- _YOUR TASK_: Give the lines below again exactly, starting with the line that holds "Mast & Harbour" and going on through the line that holds "Pierre Cardin Vintage".

(Beginning of MATERIALS PROVIDED)

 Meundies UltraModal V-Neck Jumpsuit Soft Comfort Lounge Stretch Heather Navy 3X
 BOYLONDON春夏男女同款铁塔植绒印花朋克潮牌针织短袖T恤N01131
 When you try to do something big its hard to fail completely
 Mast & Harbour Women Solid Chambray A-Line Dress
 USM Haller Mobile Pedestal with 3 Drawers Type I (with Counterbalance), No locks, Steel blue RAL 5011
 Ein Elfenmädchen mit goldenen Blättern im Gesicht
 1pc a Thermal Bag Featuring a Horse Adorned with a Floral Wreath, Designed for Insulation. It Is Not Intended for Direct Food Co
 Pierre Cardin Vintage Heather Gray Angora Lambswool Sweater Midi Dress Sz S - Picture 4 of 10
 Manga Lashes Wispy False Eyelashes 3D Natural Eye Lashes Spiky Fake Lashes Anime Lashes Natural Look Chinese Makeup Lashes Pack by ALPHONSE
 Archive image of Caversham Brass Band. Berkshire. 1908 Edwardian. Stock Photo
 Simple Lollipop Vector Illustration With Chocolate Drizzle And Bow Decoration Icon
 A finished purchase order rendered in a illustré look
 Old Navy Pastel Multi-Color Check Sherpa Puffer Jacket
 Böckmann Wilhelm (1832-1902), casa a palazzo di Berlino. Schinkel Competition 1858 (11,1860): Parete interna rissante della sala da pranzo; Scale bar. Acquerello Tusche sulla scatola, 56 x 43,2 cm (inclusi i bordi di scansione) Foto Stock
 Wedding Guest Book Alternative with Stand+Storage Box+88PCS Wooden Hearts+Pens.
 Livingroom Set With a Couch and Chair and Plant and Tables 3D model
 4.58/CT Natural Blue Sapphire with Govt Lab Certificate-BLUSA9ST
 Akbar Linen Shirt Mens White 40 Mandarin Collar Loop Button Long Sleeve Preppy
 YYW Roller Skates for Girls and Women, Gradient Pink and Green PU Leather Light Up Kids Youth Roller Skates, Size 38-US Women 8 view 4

(End of MATERIALS PROVIDED)

- _EXERCISE RESPONSE_:
 Mast & Harbour Women Solid Chambray A-Line Dress
 USM Haller Mobile Pedestal with 3 Drawers Type I (with Counterbalance), No locks, Steel blue RAL 5011
 Ein Elfenmädchen mit goldenen Blättern im Gesicht
 1pc a Thermal Bag Featuring a Horse Adorned with a Floral Wreath, Designed for Insulation. It Is Not Intended for Direct Food Co
 Pierre Cardin Vintage Heather Gray Angora Lambswool Sweater Midi Dress Sz S - Picture 4 of 10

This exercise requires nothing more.